> **Action item**
Type out the lines below exactly, from the first through the line holding "Hi. I know that", and include no pictures.

> **Data records**

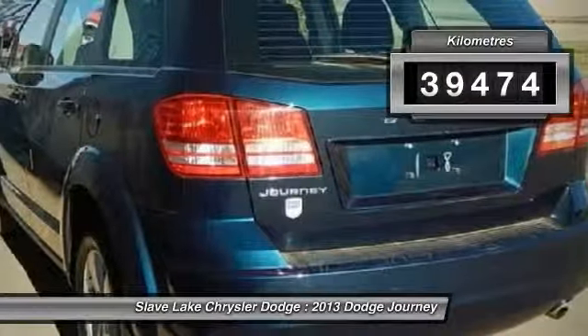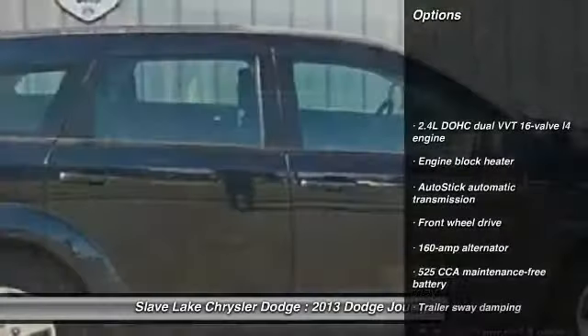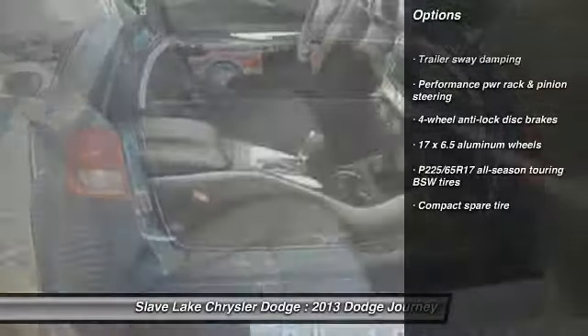This vehicle has less than 40,000 kilometers. Here are some of this vehicle's great options: FWD, compact spare tire, 160 amp alternator, and engine block heater.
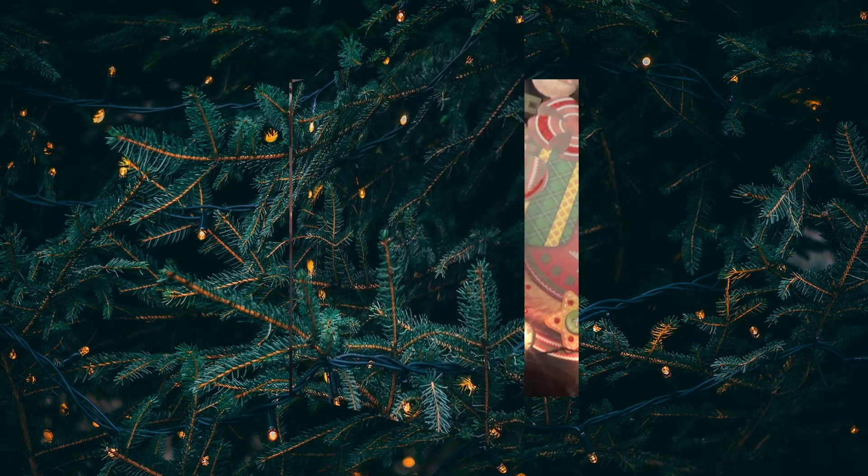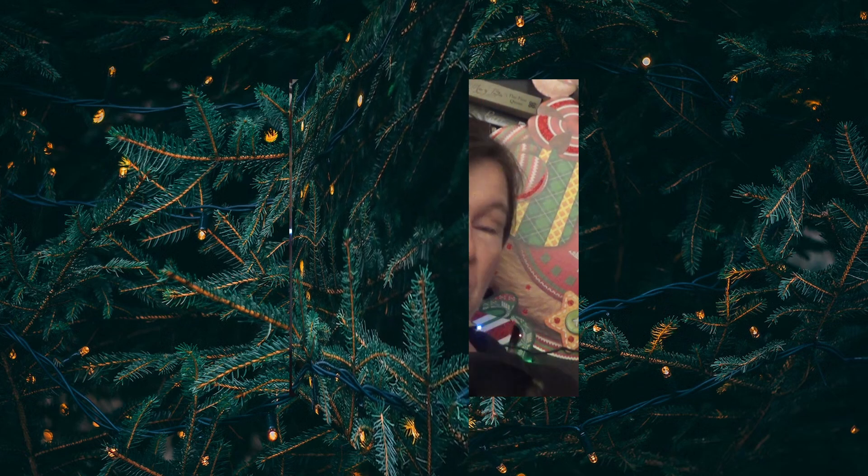Hi. I know that some people like to use Tudor themed Christmas tree decorations such as figures of Henry VIII's Six Wives or historical places. This is my one of Hever Castle.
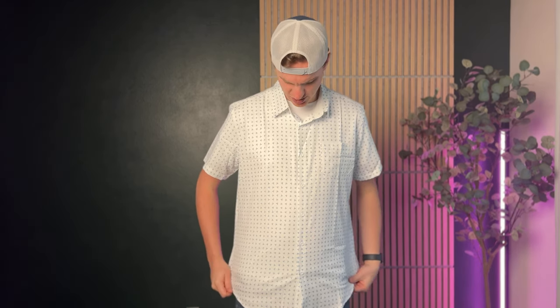I really dislike ironing, especially when I'm traveling, and this shirt is a perfect option for that issue. It's a wrinkle-resistant shirt, so it tends to package really well in your travel bags and things like that. When you pull it out, it doesn't have the kind of wrinkles that a standard cotton shirt would.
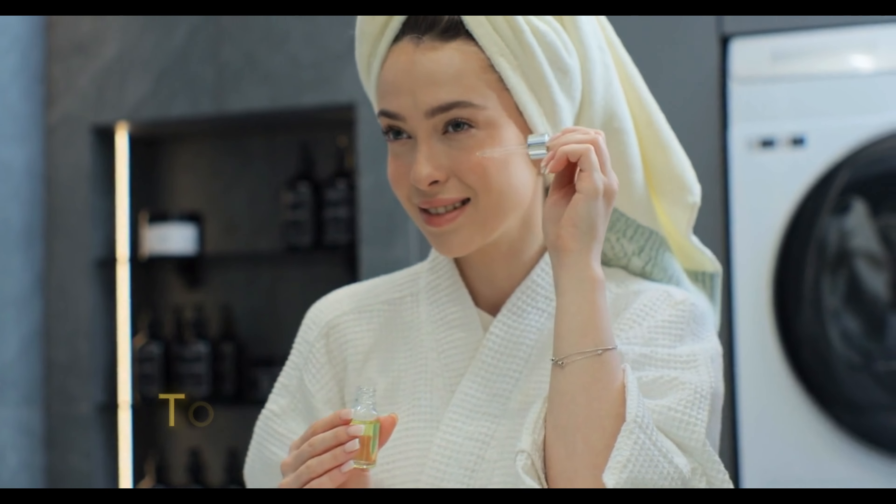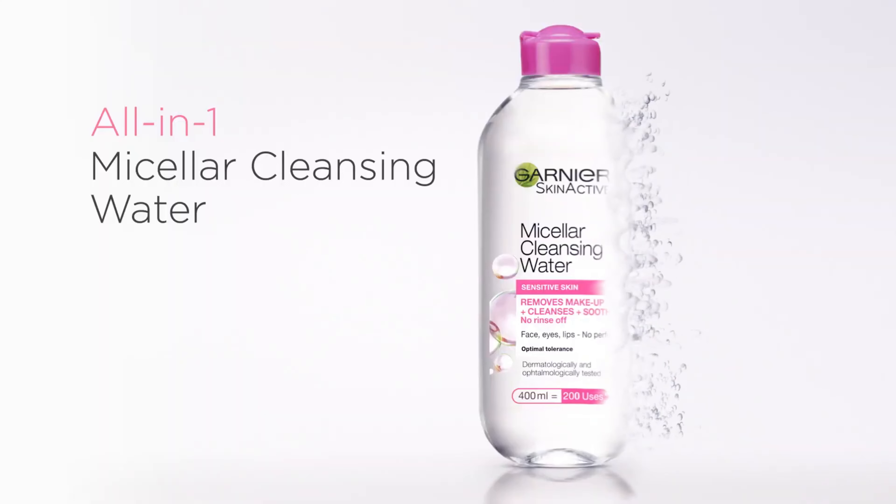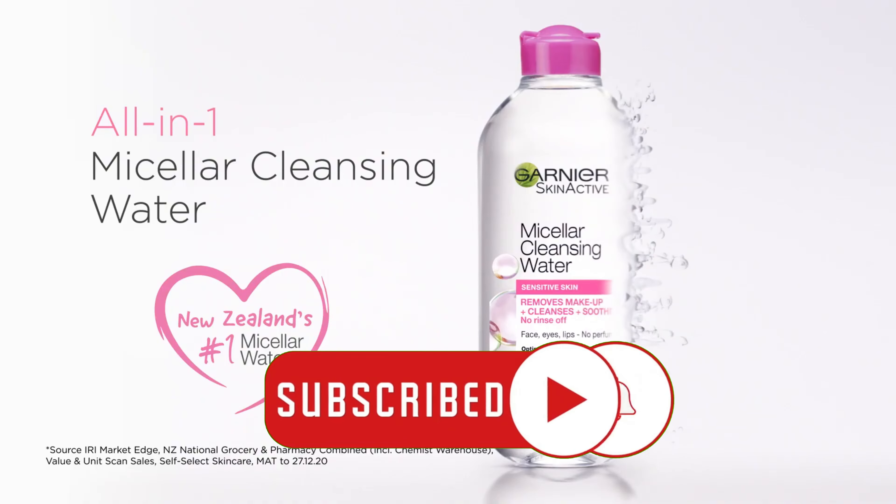You can also buy Waterproof Makeup Micellar and Hyaluronic Acid Micellar Water, which most people buy from Amazon, to elevate their skincare routine with Garnier Skin Active Micellar Water. What are you waiting for? Experience the difference for yourself. Click the link below to buy on Amazon.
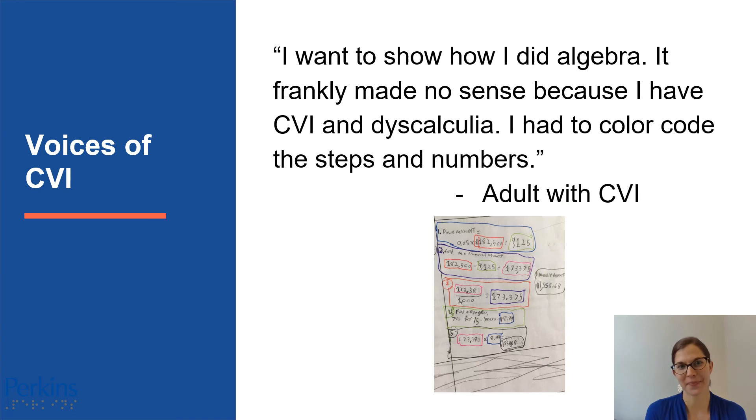The next quote is from an adult with CVI. She said, "I want to show how I did algebra. It frankly made no sense because I have CVI and dyscalculia, which makes it harder to do arithmetic. I had to color code the steps and the numbers." She shared a photograph of her algebra work — lots of different algebraic equations — and she used different colored pens to highlight different parts of the equations, different numbers and problems, making it easier to see clearly and segment the algebra problems. It was a quick color coding strategy that made the lesson much more accessible to her.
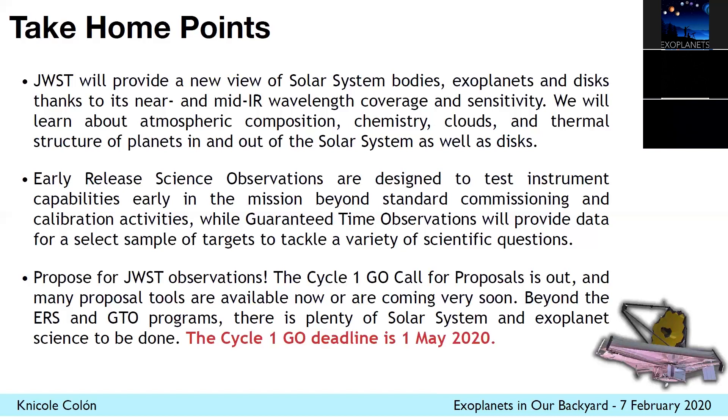I should mention all that data will have no proprietary period, so it'll be publicly available for anybody right away. I encourage everybody here to propose for Cycle One time. The deadline is May 1st — mark your calendars now. There's plenty of solar system and exoplanet science to be done on top of what I've talked about. Between the ERS, GTO, and GO programs, we can fill all the gaps and hopefully learn a lot more about planets in and out of the solar system. Thank you.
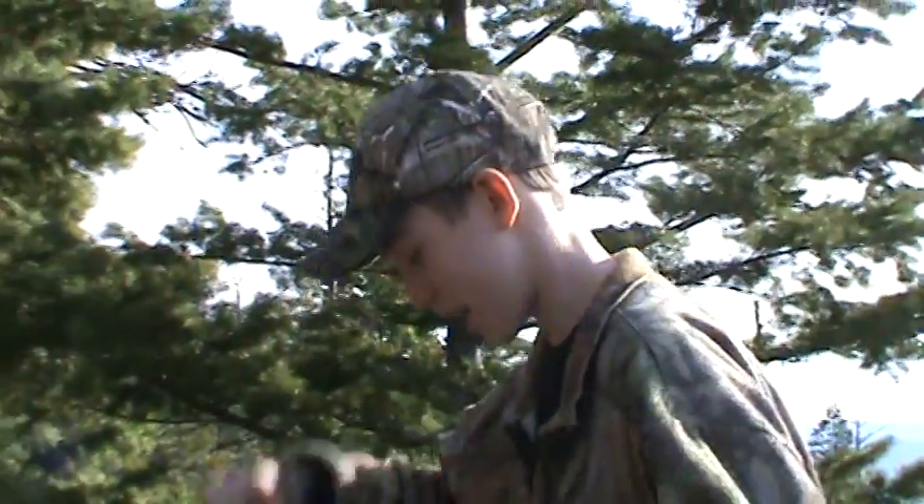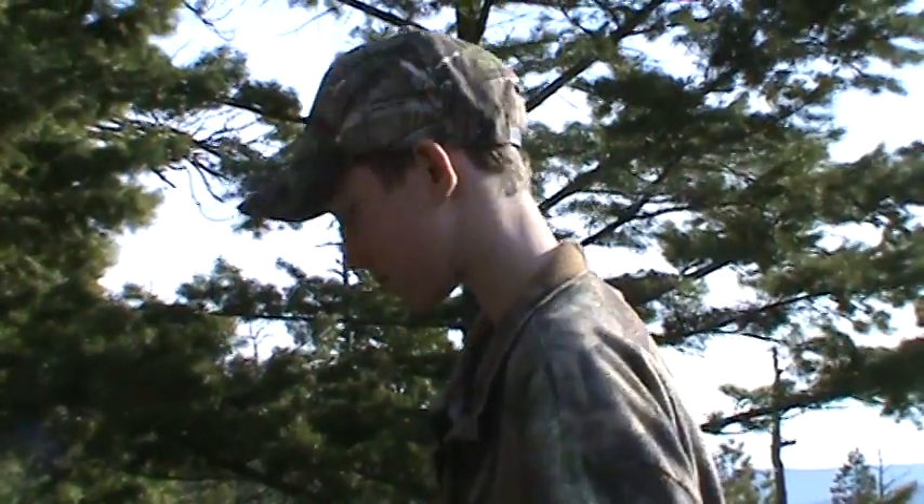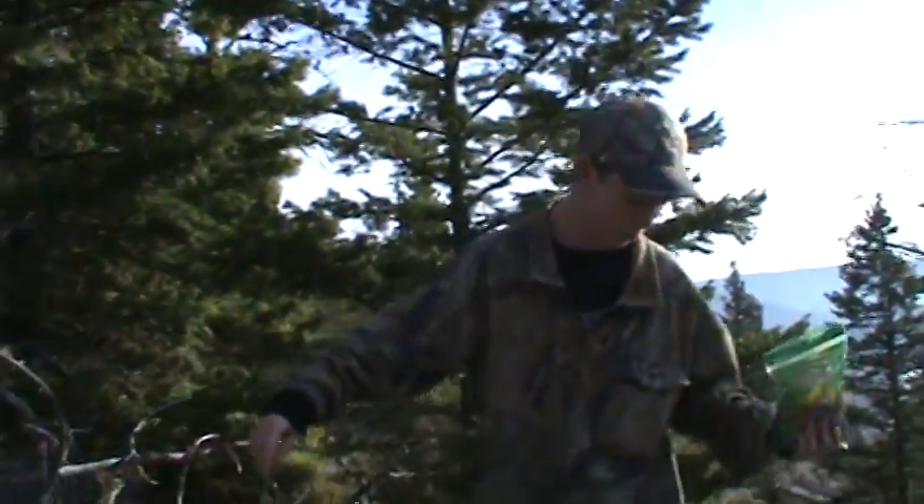My son there is a little camera shy, just a little. Well everybody, we're gonna carry on up the hill and see what we can find. We'll talk to you a little later.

> **Response**
This vehicle has less than 40,000 kilometers. Here are some of this vehicle's great options: FWD, compact spare tire, 160 amp alternator, and engine block heater.
Hi. I know that some people like to use Tudor themed Christmas tree decorations such as figures of Henry VIII's Six Wives or historical places. This is my one of Hever Castle.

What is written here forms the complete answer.